#### Exercise directions:
In this exercise, retype exactly the lines from the start of the entries through the line bearing "Poster - Hands", leaving every picture out.

Records from a data source:
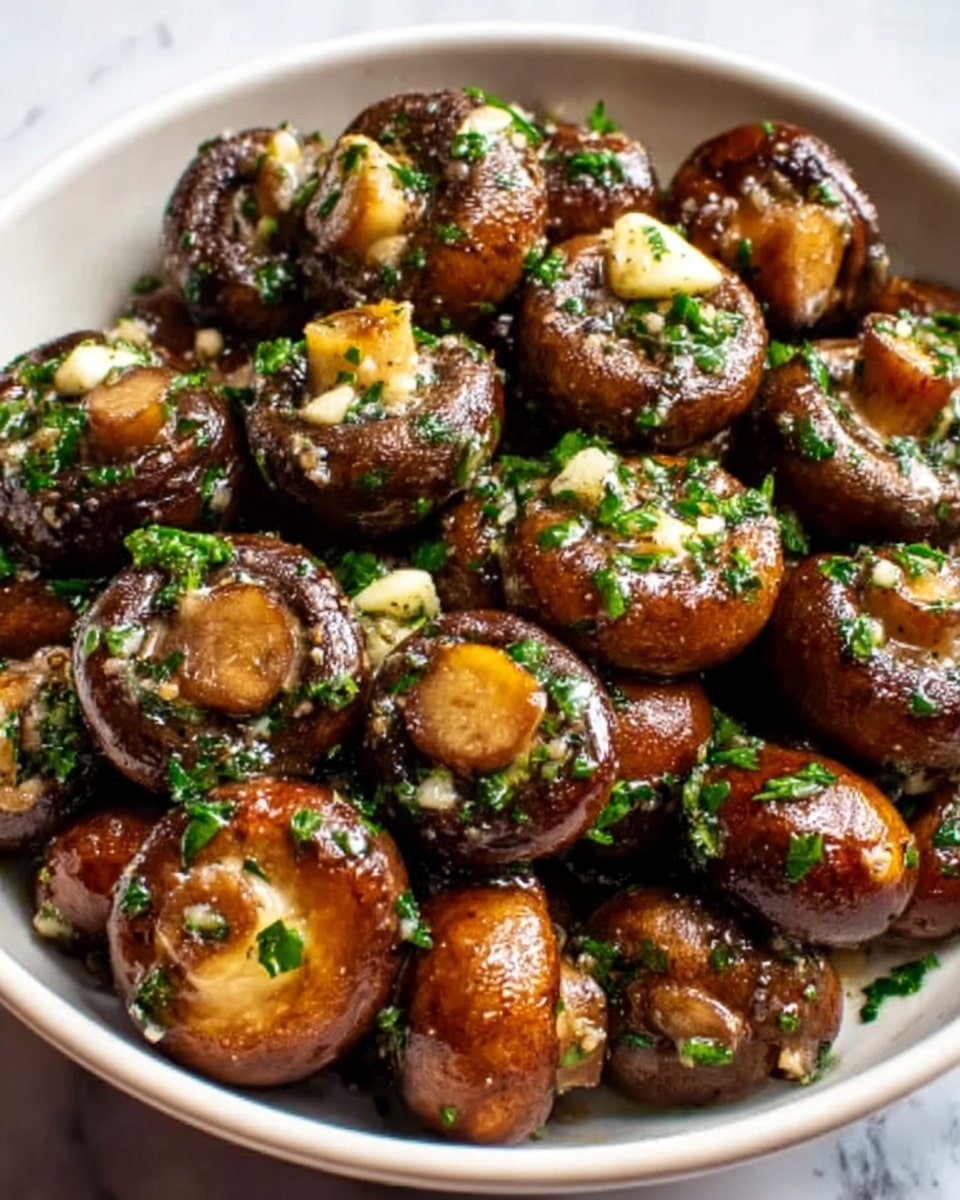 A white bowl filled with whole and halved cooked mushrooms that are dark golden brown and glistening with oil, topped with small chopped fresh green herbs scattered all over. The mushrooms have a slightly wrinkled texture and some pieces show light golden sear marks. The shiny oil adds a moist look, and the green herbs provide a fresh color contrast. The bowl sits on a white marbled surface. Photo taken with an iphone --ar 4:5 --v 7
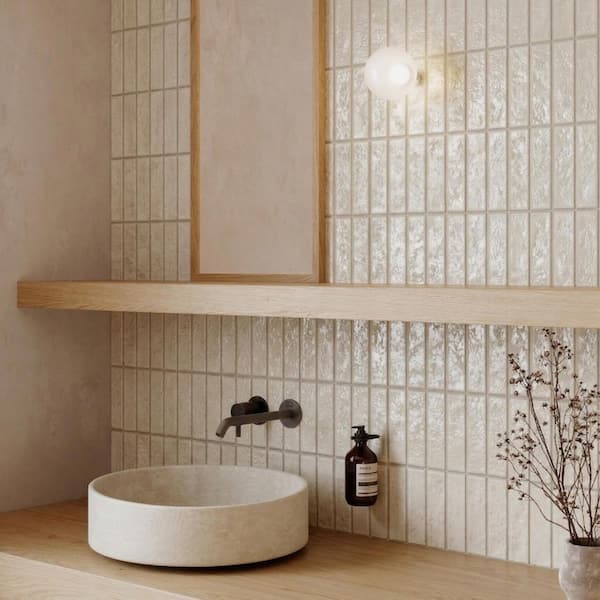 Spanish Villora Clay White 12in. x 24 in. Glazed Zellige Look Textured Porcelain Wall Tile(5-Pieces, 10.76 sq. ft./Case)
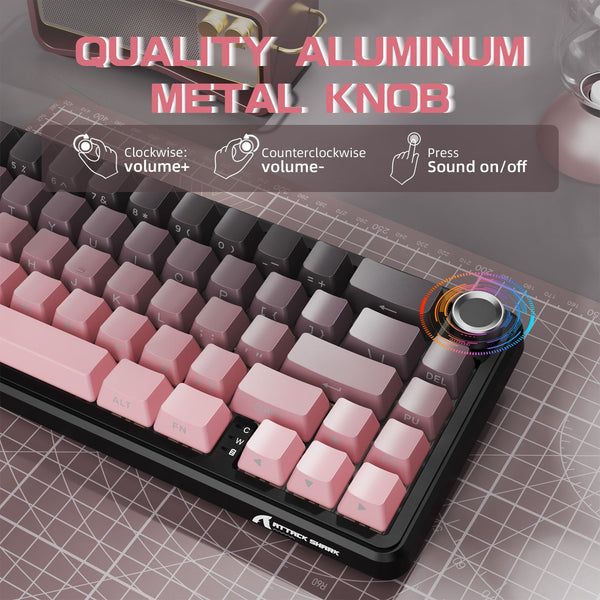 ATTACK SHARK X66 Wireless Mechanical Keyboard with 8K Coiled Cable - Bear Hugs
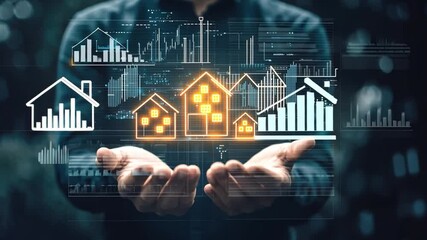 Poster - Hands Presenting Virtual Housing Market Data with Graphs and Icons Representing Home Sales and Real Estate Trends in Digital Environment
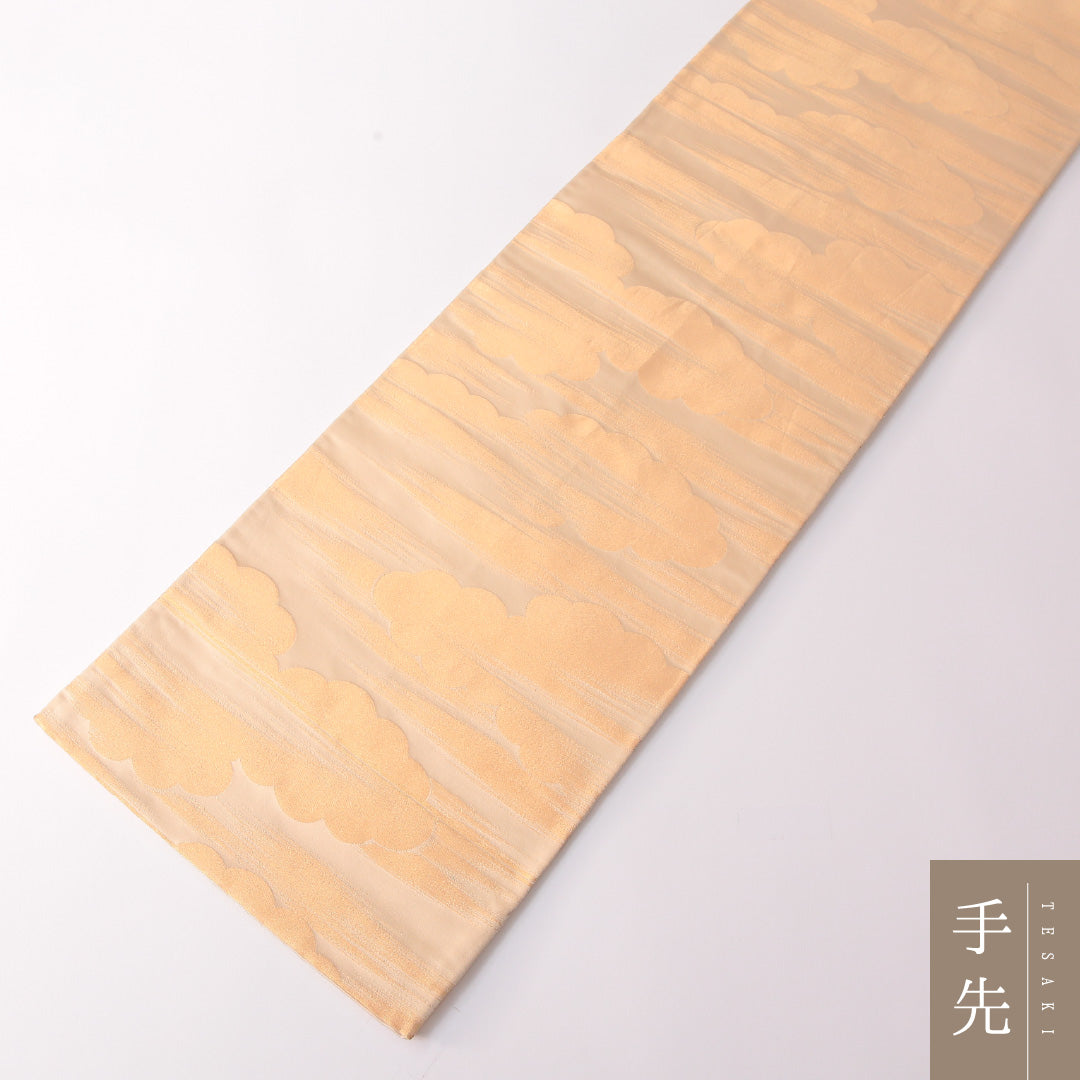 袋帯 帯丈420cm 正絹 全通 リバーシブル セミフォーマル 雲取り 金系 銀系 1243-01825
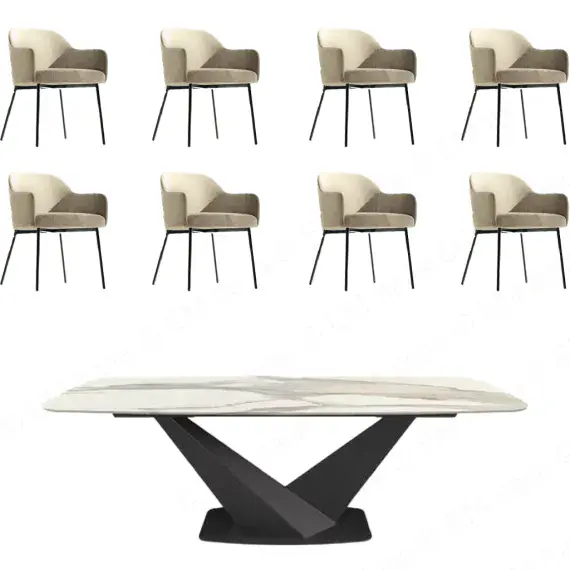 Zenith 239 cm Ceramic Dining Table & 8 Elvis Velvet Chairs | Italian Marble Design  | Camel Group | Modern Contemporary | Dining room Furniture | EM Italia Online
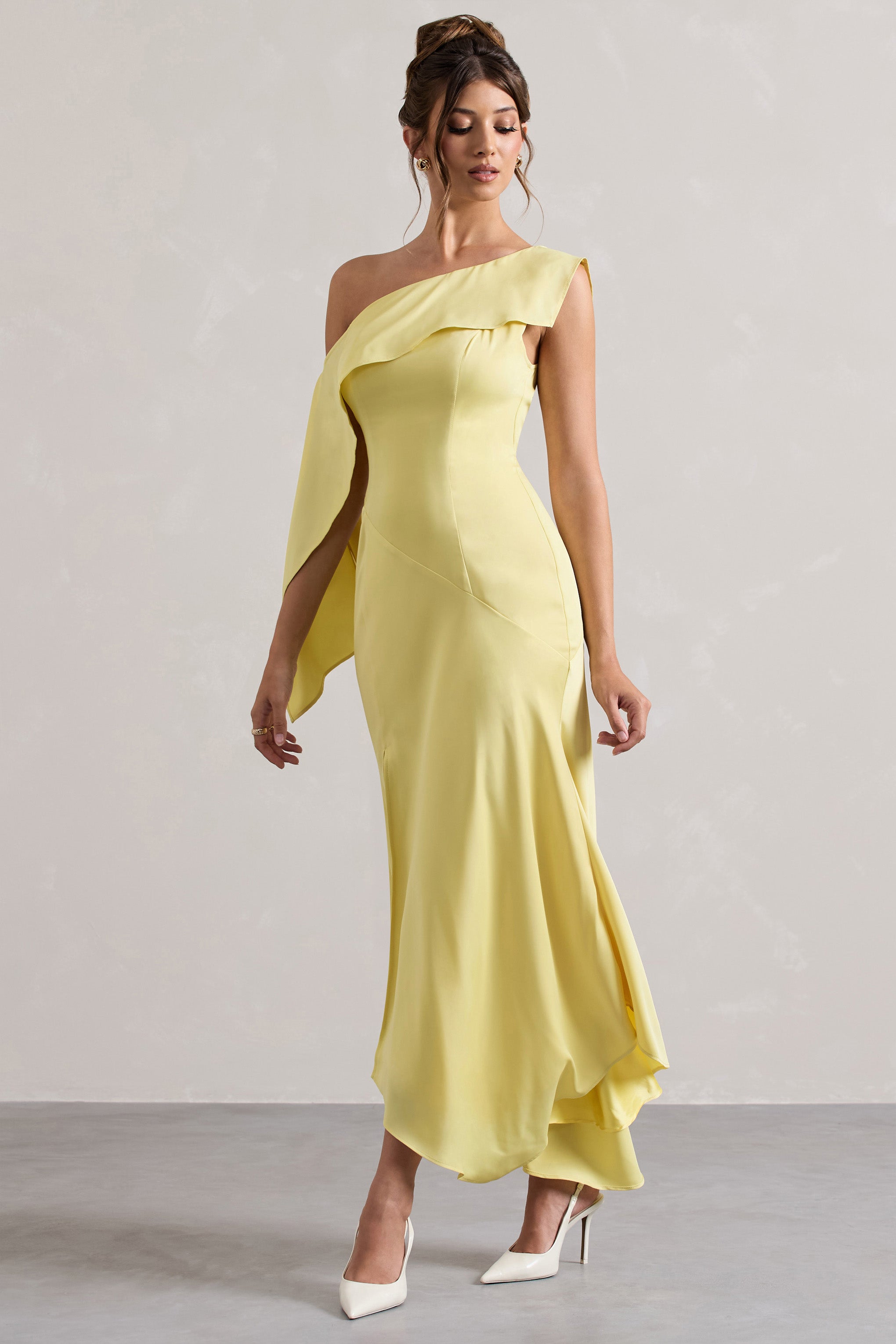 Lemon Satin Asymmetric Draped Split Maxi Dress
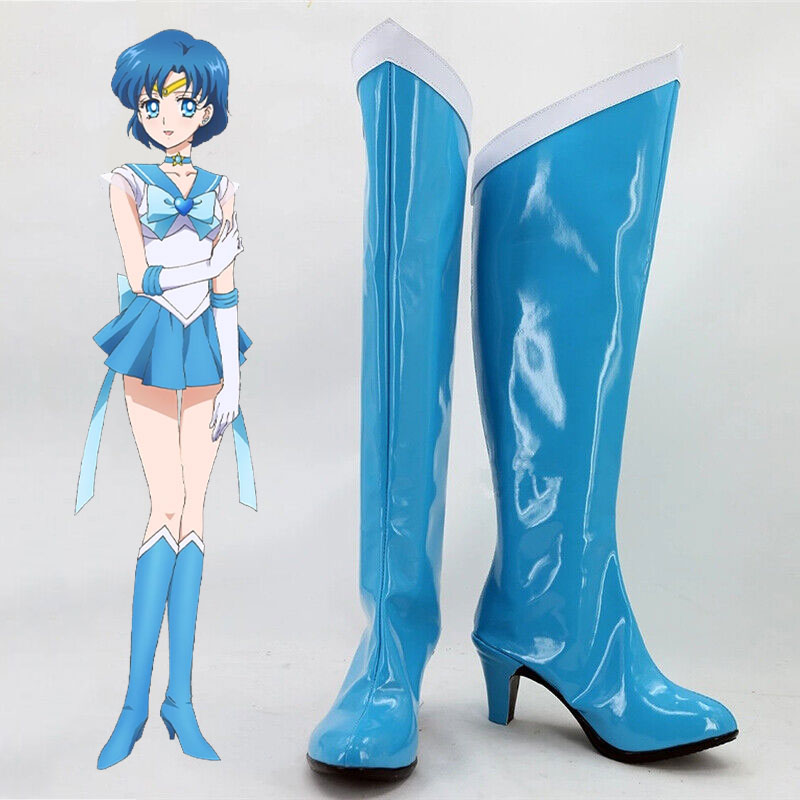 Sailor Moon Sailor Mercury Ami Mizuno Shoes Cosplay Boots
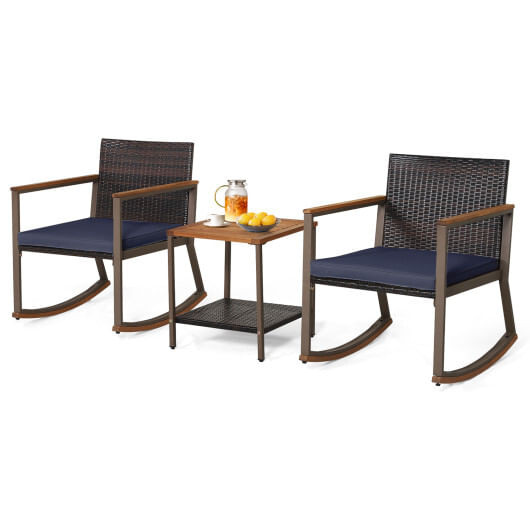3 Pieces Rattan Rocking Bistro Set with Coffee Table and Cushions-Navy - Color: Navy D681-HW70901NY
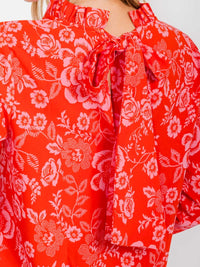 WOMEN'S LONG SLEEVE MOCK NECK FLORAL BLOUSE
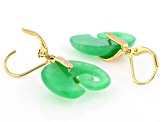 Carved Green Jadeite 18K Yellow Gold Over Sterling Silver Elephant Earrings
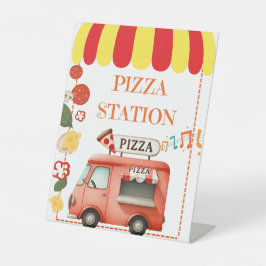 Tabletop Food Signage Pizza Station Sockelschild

#### Expected output:
 A white bowl filled with whole and halved cooked mushrooms that are dark golden brown and glistening with oil, topped with small chopped fresh green herbs scattered all over. The mushrooms have a slightly wrinkled texture and some pieces show light golden sear marks. The shiny oil adds a moist look, and the green herbs provide a fresh color contrast. The bowl sits on a white marbled surface. Photo taken with an iphone --ar 4:5 --v 7
 Spanish Villora Clay White 12in. x 24 in. Glazed Zellige Look Textured Porcelain Wall Tile(5-Pieces, 10.76 sq. ft./Case)
 ATTACK SHARK X66 Wireless Mechanical Keyboard with 8K Coiled Cable - Bear Hugs
 Poster - Hands Presenting Virtual Housing Market Data with Graphs and Icons Representing Home Sales and Real Estate Trends in Digital Environment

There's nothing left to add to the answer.